### GOAL OF THE EXERCISE
A verbatim copy of the data is wanted, minus any picture in it.

DATA EXCERPT START

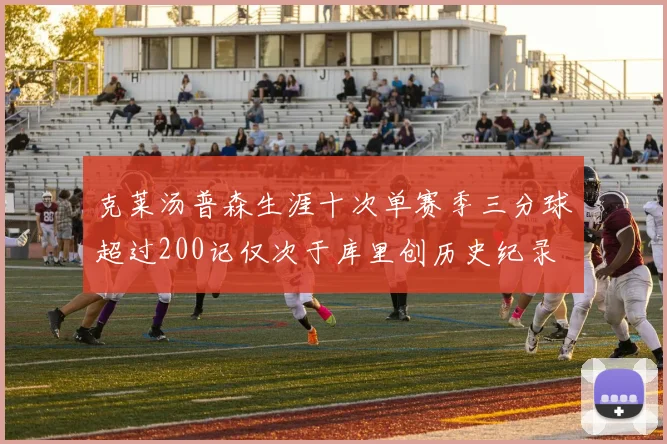 克莱汤普森生涯十次单赛季三分球超过200记仅次于库里创历史纪录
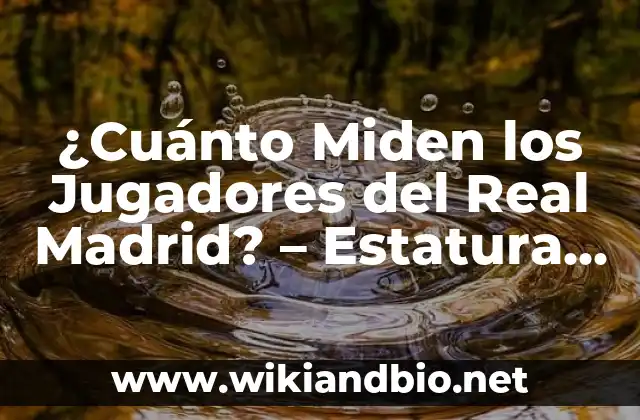 ¿Cuánto Miden los Jugadores del Real Madrid? – Estatura Promedio y Datos Interesantes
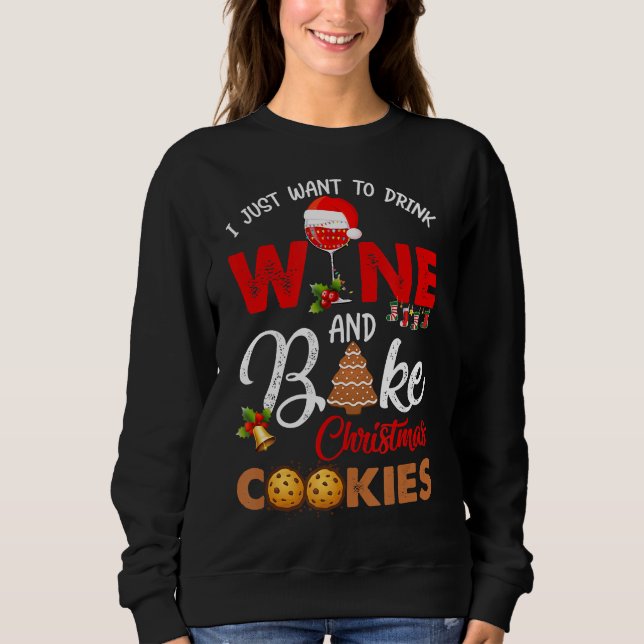 Sweatshirt Je veux juste boire du vin | cuire des biscuits de (Devant)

DATA EXCERPT END

### OUTPUT OF THE EXERCISE
 克莱汤普森生涯十次单赛季三分球超过200记仅次于库里创历史纪录
 ¿Cuánto Miden los Jugadores del Real Madrid? – Estatura Promedio y Datos Interesantes
 Sweatshirt Je veux juste boire du vin | cuire des biscuits de (Devant)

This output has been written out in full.